Originally recorded as a solo vocal and guitar piece by Red Foley in December 1935, and released as Conqueror 8631 around the time of Elvis' first birthday in January 1936, Presley's master of "Old Shep" taped twenty years later has come to be reviled by certain segments of the Presley fan base.
Elvis Presley "Old Shep" Elvis (RCA Victor LPM 1382, October 1956)
Besides appearing on Elvis' second LP for RCA, the song was included on an EP called Elvis, Volume 2 (RCA EPA 993, November 1956), along with three other tracks from the LP.
And, amazingly, from that EP "Old Shep" became a HIT!
It CHARTED in Billboard's "Top 100," reaching #47 in the last issue of the year.

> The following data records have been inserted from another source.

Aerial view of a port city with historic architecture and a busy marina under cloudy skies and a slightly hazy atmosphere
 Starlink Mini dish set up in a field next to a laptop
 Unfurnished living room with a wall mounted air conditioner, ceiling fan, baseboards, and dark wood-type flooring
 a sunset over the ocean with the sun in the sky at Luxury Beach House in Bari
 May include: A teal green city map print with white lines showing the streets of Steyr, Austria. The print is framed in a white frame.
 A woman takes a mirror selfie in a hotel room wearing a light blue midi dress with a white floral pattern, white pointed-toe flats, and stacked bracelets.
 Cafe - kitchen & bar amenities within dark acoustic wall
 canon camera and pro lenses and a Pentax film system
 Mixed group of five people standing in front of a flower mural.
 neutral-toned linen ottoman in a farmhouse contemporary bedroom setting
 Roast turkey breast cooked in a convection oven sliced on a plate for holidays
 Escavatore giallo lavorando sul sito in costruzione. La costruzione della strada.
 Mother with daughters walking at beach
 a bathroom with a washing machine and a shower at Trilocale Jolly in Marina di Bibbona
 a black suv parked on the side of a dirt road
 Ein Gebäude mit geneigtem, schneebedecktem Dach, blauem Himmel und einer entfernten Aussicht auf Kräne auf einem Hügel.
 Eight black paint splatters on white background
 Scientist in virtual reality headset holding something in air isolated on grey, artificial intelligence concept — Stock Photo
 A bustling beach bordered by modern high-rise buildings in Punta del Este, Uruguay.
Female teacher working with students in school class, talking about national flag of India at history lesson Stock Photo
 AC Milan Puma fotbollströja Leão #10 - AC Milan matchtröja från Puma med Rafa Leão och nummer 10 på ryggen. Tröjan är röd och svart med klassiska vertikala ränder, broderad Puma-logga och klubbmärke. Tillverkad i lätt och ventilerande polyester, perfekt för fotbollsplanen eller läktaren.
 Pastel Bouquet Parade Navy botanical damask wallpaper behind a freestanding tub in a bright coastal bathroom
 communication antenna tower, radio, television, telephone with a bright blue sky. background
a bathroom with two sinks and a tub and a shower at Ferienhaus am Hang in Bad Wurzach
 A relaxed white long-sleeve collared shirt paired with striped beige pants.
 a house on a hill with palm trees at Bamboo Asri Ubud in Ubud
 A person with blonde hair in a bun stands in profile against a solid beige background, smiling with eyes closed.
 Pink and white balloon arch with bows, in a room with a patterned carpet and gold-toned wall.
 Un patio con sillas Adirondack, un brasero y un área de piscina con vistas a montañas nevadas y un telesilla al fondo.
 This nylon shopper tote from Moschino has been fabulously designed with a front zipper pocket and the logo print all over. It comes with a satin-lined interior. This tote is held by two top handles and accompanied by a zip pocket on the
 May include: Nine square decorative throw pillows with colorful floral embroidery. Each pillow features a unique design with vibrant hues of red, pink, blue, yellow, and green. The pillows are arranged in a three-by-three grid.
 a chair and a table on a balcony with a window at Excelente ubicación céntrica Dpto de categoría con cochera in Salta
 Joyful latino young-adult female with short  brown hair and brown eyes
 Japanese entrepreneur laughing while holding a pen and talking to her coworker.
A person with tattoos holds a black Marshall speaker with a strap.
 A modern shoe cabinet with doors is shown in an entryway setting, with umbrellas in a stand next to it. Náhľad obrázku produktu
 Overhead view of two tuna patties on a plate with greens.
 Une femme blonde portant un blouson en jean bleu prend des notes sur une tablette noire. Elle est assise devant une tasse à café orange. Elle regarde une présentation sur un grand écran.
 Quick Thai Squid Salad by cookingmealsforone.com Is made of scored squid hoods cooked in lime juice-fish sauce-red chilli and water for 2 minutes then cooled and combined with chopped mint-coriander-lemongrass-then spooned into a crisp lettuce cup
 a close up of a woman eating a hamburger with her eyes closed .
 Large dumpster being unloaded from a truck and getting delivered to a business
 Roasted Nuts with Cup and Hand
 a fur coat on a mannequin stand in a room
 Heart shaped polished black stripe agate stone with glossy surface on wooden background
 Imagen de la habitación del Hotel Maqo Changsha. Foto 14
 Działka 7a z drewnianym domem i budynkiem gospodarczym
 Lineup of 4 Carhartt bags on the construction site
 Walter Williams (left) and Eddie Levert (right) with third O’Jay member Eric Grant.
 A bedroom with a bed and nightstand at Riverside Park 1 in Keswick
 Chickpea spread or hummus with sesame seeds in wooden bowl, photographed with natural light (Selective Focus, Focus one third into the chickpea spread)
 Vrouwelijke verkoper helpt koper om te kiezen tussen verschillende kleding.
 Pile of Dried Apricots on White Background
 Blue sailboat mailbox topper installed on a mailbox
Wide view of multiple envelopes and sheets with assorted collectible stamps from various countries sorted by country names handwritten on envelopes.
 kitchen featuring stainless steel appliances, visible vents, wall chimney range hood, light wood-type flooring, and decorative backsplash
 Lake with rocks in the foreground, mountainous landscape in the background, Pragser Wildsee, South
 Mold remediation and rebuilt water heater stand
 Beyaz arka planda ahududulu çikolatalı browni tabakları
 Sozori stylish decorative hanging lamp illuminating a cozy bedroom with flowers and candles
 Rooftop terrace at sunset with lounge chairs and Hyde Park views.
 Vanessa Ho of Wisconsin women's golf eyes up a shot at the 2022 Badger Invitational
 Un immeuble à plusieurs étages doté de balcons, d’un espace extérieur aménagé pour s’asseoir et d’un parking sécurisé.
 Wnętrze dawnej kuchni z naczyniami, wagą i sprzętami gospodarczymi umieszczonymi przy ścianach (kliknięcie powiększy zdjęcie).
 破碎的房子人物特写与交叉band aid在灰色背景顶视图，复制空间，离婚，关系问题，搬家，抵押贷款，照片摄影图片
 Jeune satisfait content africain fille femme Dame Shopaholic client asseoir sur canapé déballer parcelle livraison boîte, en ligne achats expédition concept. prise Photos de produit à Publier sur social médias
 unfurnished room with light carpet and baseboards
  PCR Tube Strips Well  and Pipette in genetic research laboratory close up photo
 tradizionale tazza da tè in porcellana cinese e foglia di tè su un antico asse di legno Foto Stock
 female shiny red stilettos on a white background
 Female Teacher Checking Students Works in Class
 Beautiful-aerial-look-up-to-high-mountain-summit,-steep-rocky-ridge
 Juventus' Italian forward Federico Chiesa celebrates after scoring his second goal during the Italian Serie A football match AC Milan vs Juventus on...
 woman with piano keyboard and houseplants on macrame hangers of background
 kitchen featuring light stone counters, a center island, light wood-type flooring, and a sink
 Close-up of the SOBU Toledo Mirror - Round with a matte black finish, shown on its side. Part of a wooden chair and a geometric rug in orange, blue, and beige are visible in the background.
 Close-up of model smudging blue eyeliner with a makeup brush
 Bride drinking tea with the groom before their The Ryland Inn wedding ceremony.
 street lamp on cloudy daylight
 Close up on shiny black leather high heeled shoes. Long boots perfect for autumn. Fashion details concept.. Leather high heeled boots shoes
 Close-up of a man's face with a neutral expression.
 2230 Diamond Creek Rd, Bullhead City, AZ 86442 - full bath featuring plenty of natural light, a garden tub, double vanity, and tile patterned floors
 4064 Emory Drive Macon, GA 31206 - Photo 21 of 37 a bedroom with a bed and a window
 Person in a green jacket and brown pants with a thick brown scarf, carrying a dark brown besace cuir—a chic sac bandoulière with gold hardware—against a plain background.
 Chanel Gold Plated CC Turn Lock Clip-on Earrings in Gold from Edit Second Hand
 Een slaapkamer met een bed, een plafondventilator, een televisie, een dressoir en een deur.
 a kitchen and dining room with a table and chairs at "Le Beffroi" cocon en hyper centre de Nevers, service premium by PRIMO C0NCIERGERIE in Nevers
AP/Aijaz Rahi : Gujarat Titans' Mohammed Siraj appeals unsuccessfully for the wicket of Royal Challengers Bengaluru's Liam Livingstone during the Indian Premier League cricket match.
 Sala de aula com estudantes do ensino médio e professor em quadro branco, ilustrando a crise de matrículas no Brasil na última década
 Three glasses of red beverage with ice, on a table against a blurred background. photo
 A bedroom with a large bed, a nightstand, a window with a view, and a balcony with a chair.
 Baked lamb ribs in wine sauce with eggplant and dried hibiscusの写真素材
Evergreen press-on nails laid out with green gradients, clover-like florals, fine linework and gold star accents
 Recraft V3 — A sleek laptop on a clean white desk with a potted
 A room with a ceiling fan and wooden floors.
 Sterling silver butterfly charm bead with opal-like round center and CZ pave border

Billboard - December 29, 1956
Elvis tunes appear at #2, #7, #26, #38, #54, #54 (yes, twice: 2 songs tied), #78 and #93.
What a year for the kid from Tupelo.
Listening today, more than sixty years later, we hear in "Old Shep" an incredible, utterly sincere performance. Taped at West Hollywood's Radio Recorders in September 1956, Elvis lays it all on the line, leading the way on piano, clearly remembering the painful death of his own dog, Tex, from mange.
Too bad he couldn't have sung "Old Tex" instead, but that might have pushed emotions too far forward to complete even one take.
You get in moods sometimes where you're very happy, you get in moods where you're very sad, where everything looks dark and gloomy, and it looks like there's nothing for you in life. I guess everybody feels that way, it's human nature.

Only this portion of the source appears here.